══ Records for processing

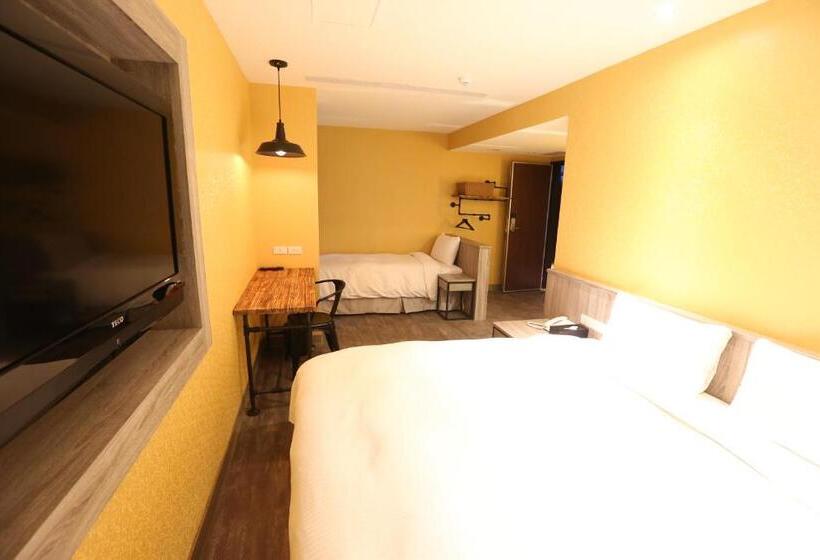 اتاق راحتی سه تخته, Central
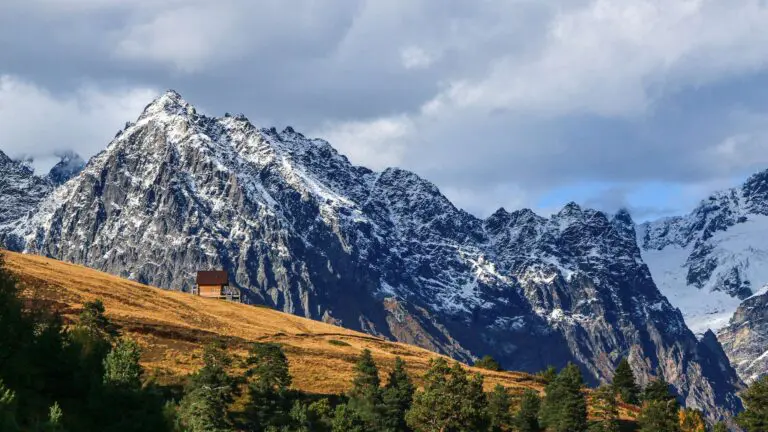 Montagne enneigées avec une maison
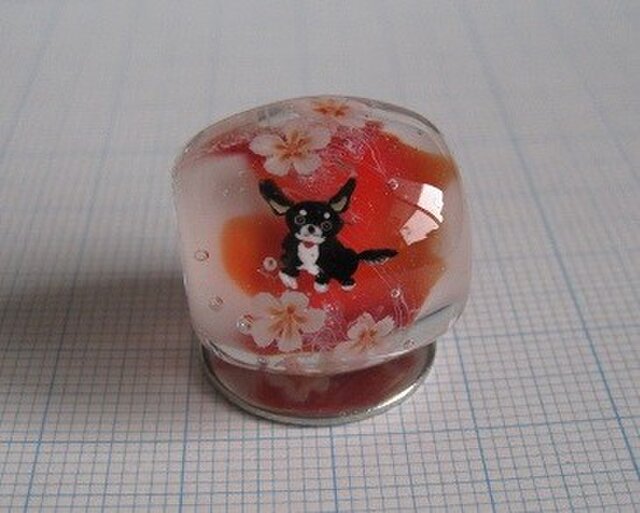 とんぼ玉 黒芝と花の画像1枚目
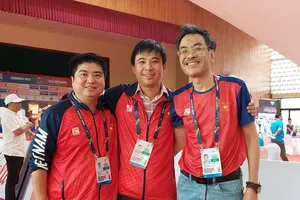 Các kỳ thủ thi đấu cờ tiêu chuẩn 60 phút nhóm 3 người của Việt Nam. Ảnh: DŨNG PHƯƠNG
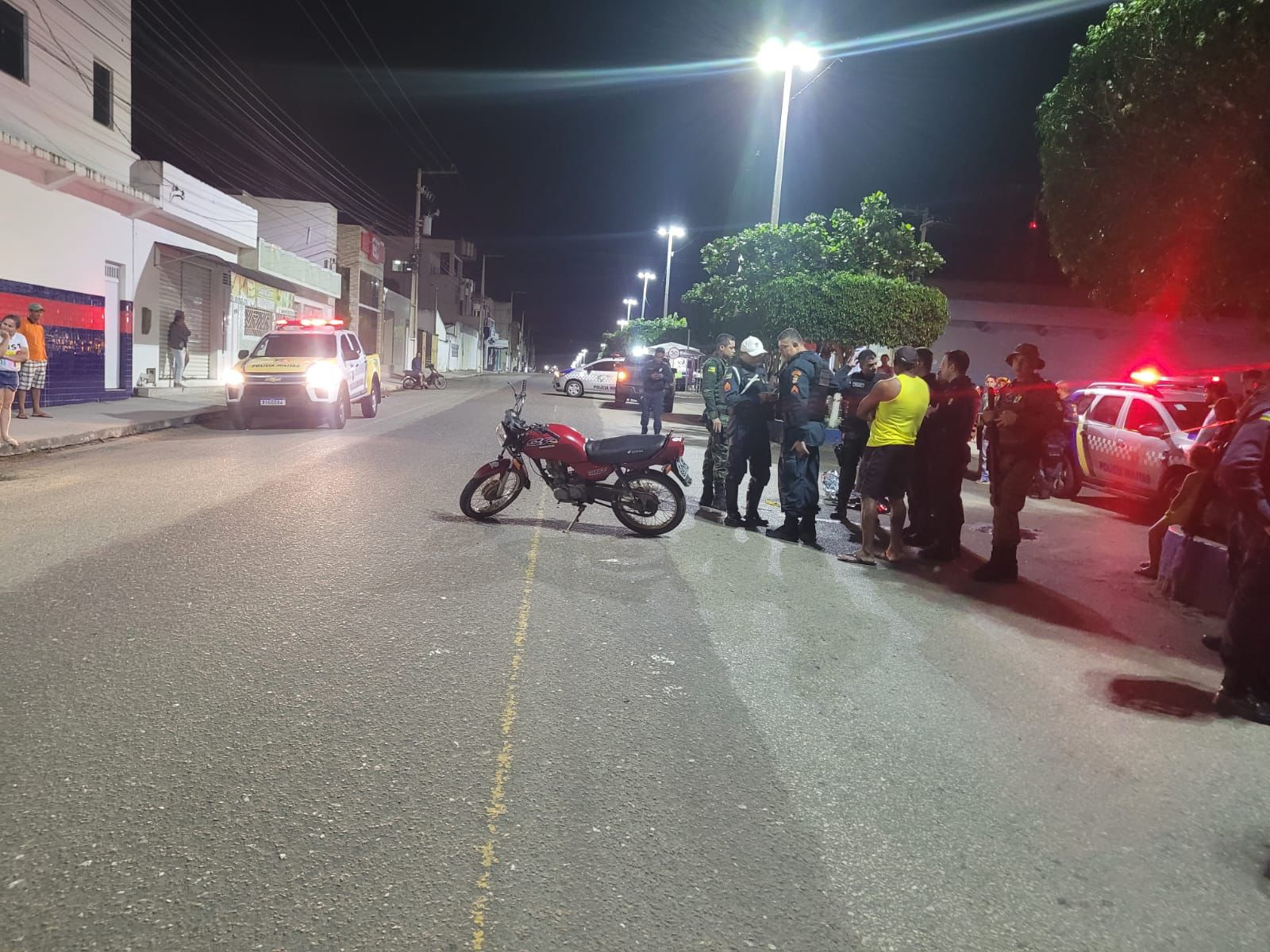 Motociclista morre após colisão com viatura da PM em Aparecida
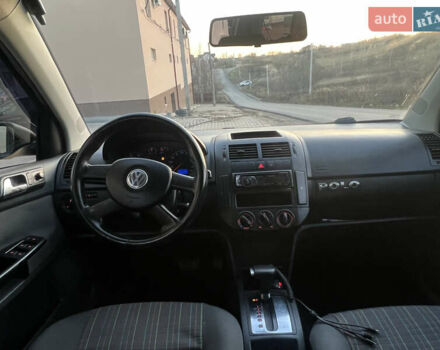 Черный Фольксваген Поло, объемом двигателя 1.4 л и пробегом 159 тыс. км за 4599 $, фото 27 на Automoto.ua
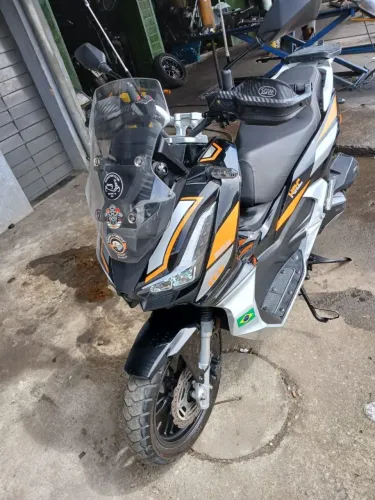 Vendo linda Scooter Shineray modelo URBAN  2025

════

Description of the task
Without including any pictures, please restate all the records exactly.

Output of the task
 اتاق راحتی سه تخته, Central
 Montagne enneigées avec une maison
 とんぼ玉 黒芝と花の画像1枚目
 Các kỳ thủ thi đấu cờ tiêu chuẩn 60 phút nhóm 3 người của Việt Nam. Ảnh: DŨNG PHƯƠNG
 Motociclista morre após colisão com viatura da PM em Aparecida
 Черный Фольксваген Поло, объемом двигателя 1.4 л и пробегом 159 тыс. км за 4599 $, фото 27 на Automoto.ua
 Vendo linda Scooter Shineray modelo URBAN  2025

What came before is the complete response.